◆ **The task**
Beginning with the line containing "Bavlněné povlečení - Anežka" and ending with the line containing "thumbnail image 2", write out each line of the records below exactly; pictures and lines outside that range are left out.

◆ **Data for this task**
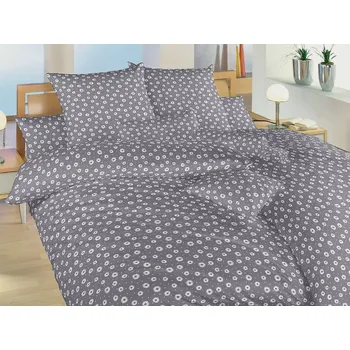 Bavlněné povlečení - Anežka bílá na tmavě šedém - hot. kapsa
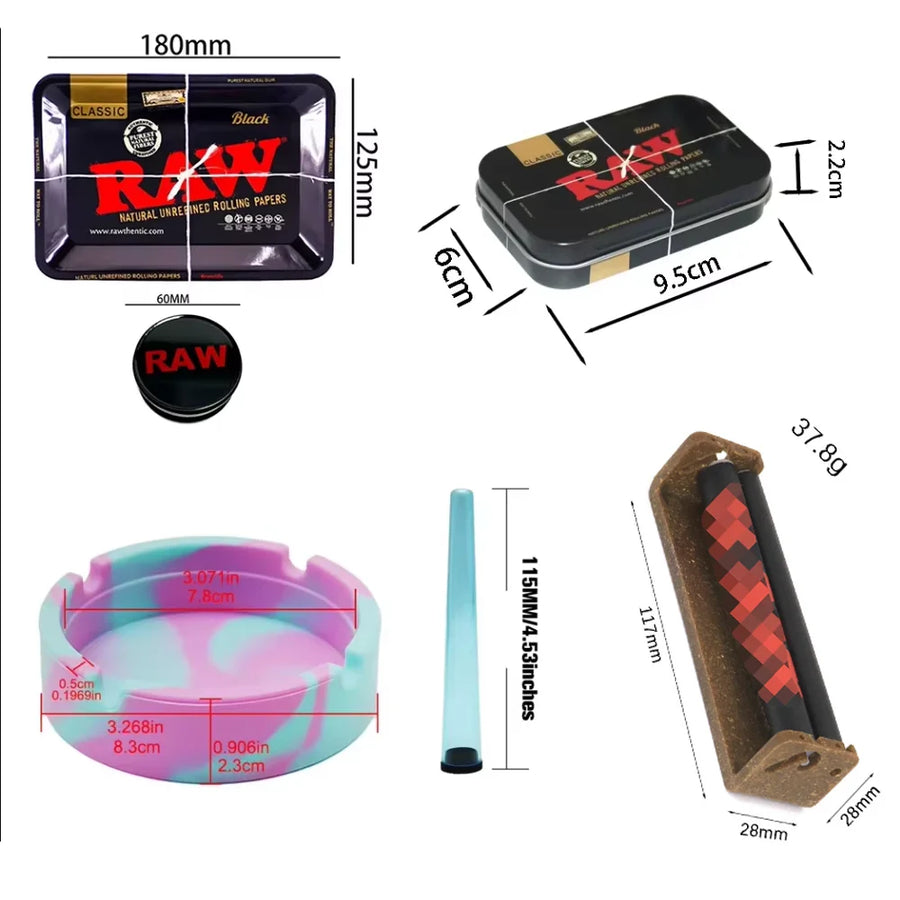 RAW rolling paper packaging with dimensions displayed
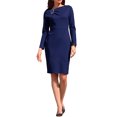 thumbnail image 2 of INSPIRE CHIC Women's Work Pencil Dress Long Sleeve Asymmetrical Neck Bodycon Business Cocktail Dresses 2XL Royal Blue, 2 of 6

==

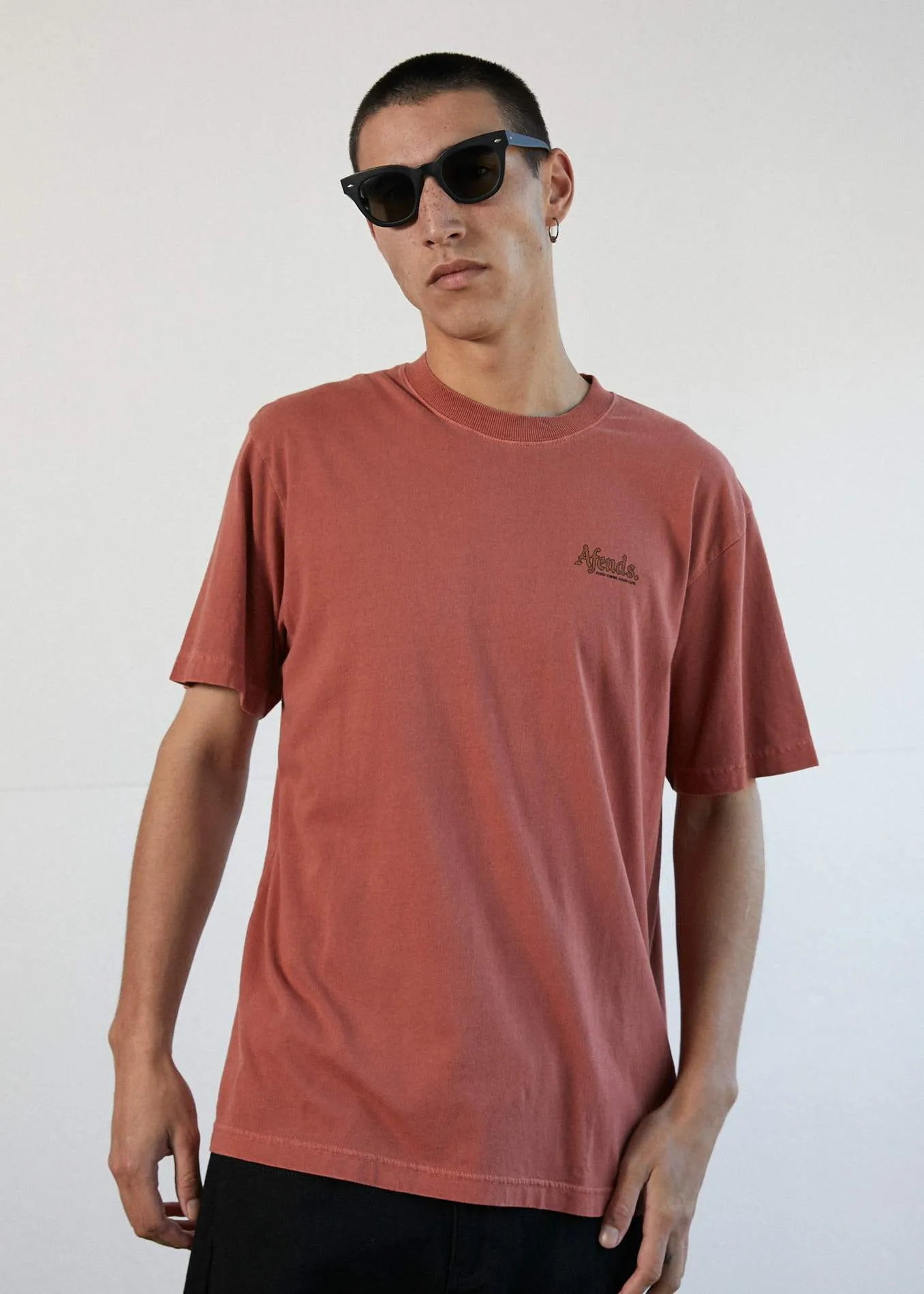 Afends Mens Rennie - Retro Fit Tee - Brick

◆ **Result of this exercise**
 Bavlněné povlečení - Anežka bílá na tmavě šedém - hot. kapsa
 RAW rolling paper packaging with dimensions displayed
 thumbnail image 2 of INSPIRE CHIC Women's Work Pencil Dress Long Sleeve Asymmetrical Neck Bodycon Business Cocktail Dresses 2XL Royal Blue, 2 of 6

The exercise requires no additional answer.